Oh, but the views! When I awoke in the middle of the night last night to pee (about the last thing you want to have to do when it’s 31° outside), I could see the lights of the small towns down here twinkling and the stream of headlights and taillights on the road below, as well as gently blinking red lights atop towers. (I realized this evening that these were actually the windmills we’re now among!) As we slowly started to descend today, every hour brought us slightly closer to all of this, bringing slightly more into recognition: first the outlines of the towns, then the shapes of the windmills, then the great width of the interstate, and finally the houses, businesses, and streets of the cities. It meant that even though the hike itself was tedious, we never lacked for anticipation, seeing each part of the valley come into view better and better as we proceeded.

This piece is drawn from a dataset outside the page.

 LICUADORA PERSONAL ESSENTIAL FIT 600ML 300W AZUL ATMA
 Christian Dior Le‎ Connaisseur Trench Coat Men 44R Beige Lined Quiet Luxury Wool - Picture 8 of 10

We hit another milestone (almost literally) today: we passed the 200th mile of the PCT! There’s actually a nice wooden signpost telling you when you reach it…although on the other side, for the southbound hikers (Canada to Mexico, which is far less common), it says, of course, simply: 2,450. If there’s a better way to humble you and make you realize just how far you still have to go, I don’t know what it is. It’s almost unfathomable, sometimes, these distances: we’ve already come much farther than most people hike in their lifetimes, and yet the distance left to go almost completely eclipses what we’ve done so far. It’s insane. In a way, we’re insane — although it’s the kind of insanity I very much enjoy.

As we fall asleep tonight, we have another challenge we only realized at the last minute: they put wind farms, of course, where there’s lots of wind, and that makes setting up and maintaining a tent (or tarp, in our case) rather tricky. We’ve tied it down to huge rocks as thoroughly as we can, and it’s rattling and making enormous amounts of noise above us as we try to fall asleep. We can only keep our fingers crossed that everything holds — although, if something should go wrong, we’re in pretty much the best possible situation: a seriously famous trail angel is only five miles ahead, we can’t be more than ten miles from the interstate, and Palm Springs, a real city, isn’t much farther either. These are the times to test us: tonight we learn to use our gear and our patience in new ways, before they become truly critical.

2 Comments

  1. John Margansays:

    Im from New York and I just got back from San Francisco visiting my niece Ashley Del Pozzo. Her Dad and I took a day trip from SF drove out to Lake Tahoe, Boreal and Truckee. We hiked the PCT for 8 hours doing about 10 miles. It was awesome ! I first read the book Wild and then saw the movie as well. I told my niece and nephew the next time I come out to SF we are going to hike the PCT. It was a great experience and the sights were breath taking. You are doing what I wish I had done when I was your age. I am going to be 70 years old this fall. Keep up the good work and enjoy your adventure. You should be proud of what you are doing. I LOVE THE PHOTOS. Good Luck.

    • Andrewsays:

      John,

      Ashley told me about your plan and how excited you were to get to hike some of the PCT — I’m so glad you got to do it! It’s an incredible trail and a great experience, whether for a few hours or a few months. Thanks for looking at my blog and commenting! I really appreciate it. So good to hear from you!